Everyone approaches an eCommerce integration project for different reasons, but regardless of the purpose, the integration strategy is a crucial aspect of the process. When discussing an integration strategy, the technical aspects fall away and the focus is on the business strategy. Who will own what data and which data processes? Answering these questions helps to prevent inefficiencies throughout the project due to miscommunication and logic duplication. The best way to go about planning an integration strategy is to focus on the Golden Rules of Integration: keep the business logic where it belongs, don’t duplicate data unless you know why and use an integration methodology that’s appropriate for the project.

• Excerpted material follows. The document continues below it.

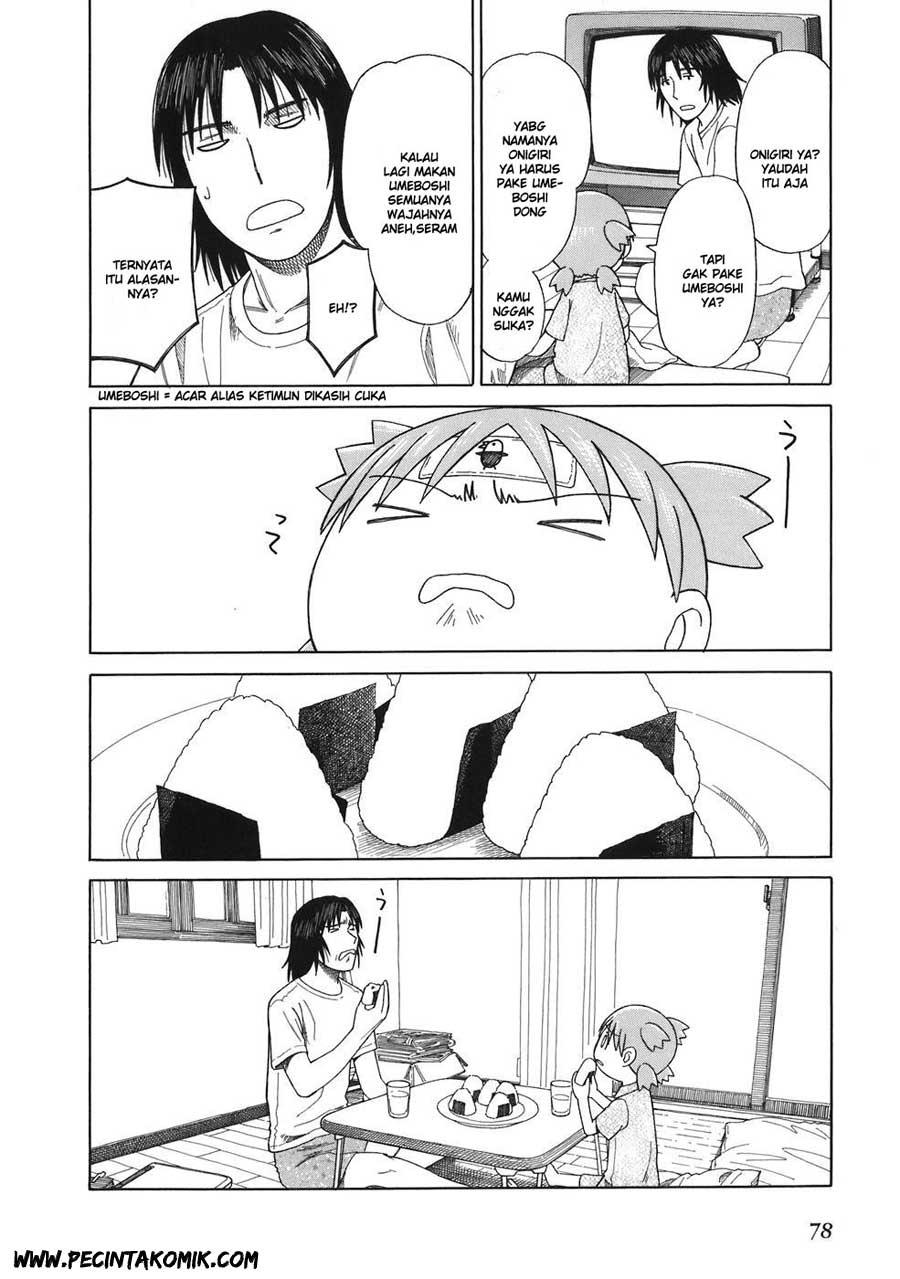 yotsuba-to - Chapter: 44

Integrating Magento to an ERP system is not simply a technical exercise; it is about strategy, business logic and the related business processes.
Why Should You Integrate?
One of the most common reasons for an ERP integration project with Magento is to automate the process. By automating the sharing of data between systems, you are significantly reducing the chance of human intervention and error. This allows employees to deal with errors on an exception basis rather than a dual bases. When the highest percentage of sales happens seamlessly, human intervention only occurs when a problem arises. This leaves the customer service team to focus on actual customer service and complex orders, as opposed to mundane order taking.
Another benefit for your customer service team is that integrating Magento with your ERP system brings down the call volume to your CSR desk. For B2B organizations especially, 50% of callers are asking for the price of an item, its availability, or the status of an order. By doing a full renovation of your eCommerce site, these questions are answered online instead of being fielded by your customer service representatives.

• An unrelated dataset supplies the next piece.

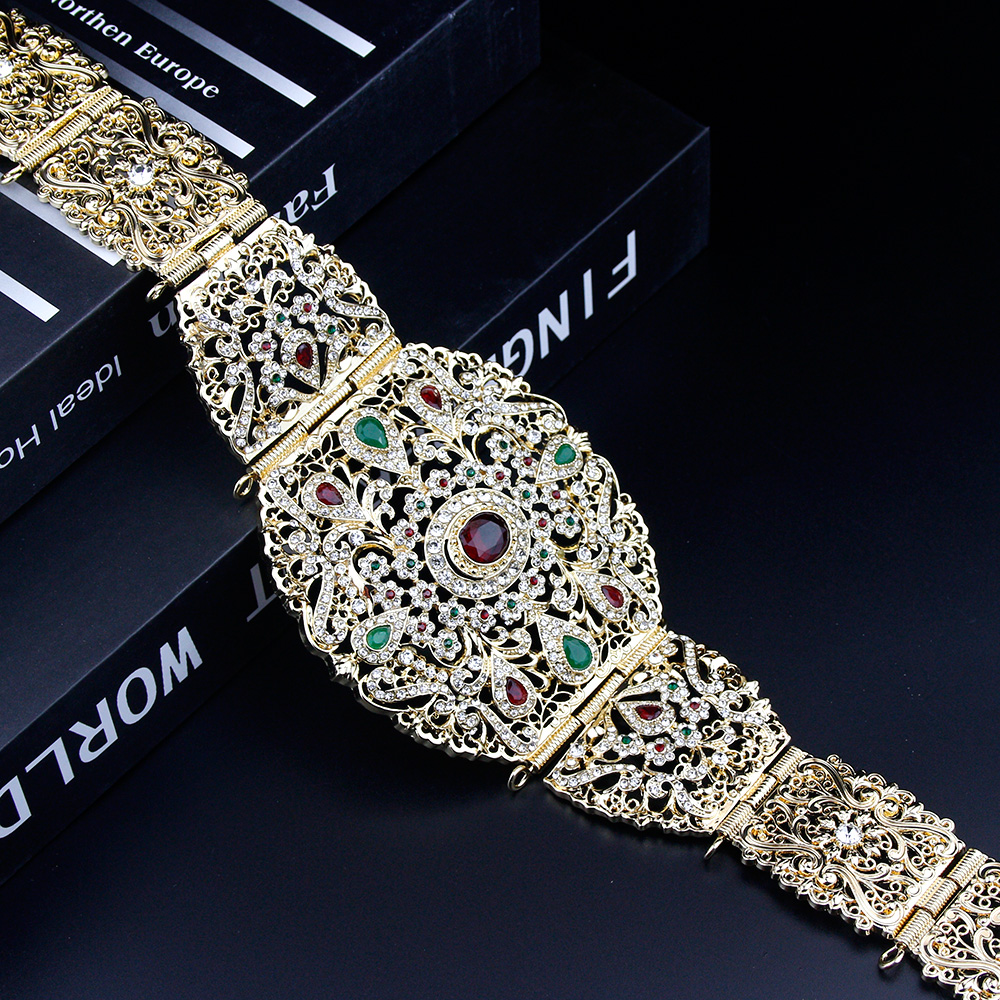 Sunspicems Breiter Marokko-Gür – Body Jewelry Dress Bewertung und Preis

Automation also allows for an easier scale process for your eCommerce site. If, for example, your team ramps up your marketing efforts on the site that successfully drives more traffic, there is not necessarily more work created for employees. Because you don’t have to worry about aspects such as dual maintenance, it is easy to scale your site to accommodate new traffic.
By taking human intervention out of the equation, your company can increase efficiency and drive cost out of the organization. Without the hassle of dual maintenance, there is one source of the truth and less room for human error. By integrating Magento with the ERP, you are allowing customer service representatives to focus on customer service instead of menial tasks.
The Golden Rules of Integration
From an integration strategy perspective, the Golden Rules of Integration must be followed:
Who owns the business logic? It is most common for the ERP System to own and manage the inventory and related inventory availability.
Who owns the data (and when)? Again, it is most common for the ERP system to own the data around Inventory Availability. This gets tricky when the timing of transactions is concerned. When does the inventory get decremented in the ERP? How timely is the data passed or access from Magento? These are key considerations when designing the integration. Another key decision is whether the inventory availability is checked in ‘real time’ from Magento, or whether a batch update pushes inventory to Magento. Then, if the inventory balances are pushed periodically, the next decision is how often.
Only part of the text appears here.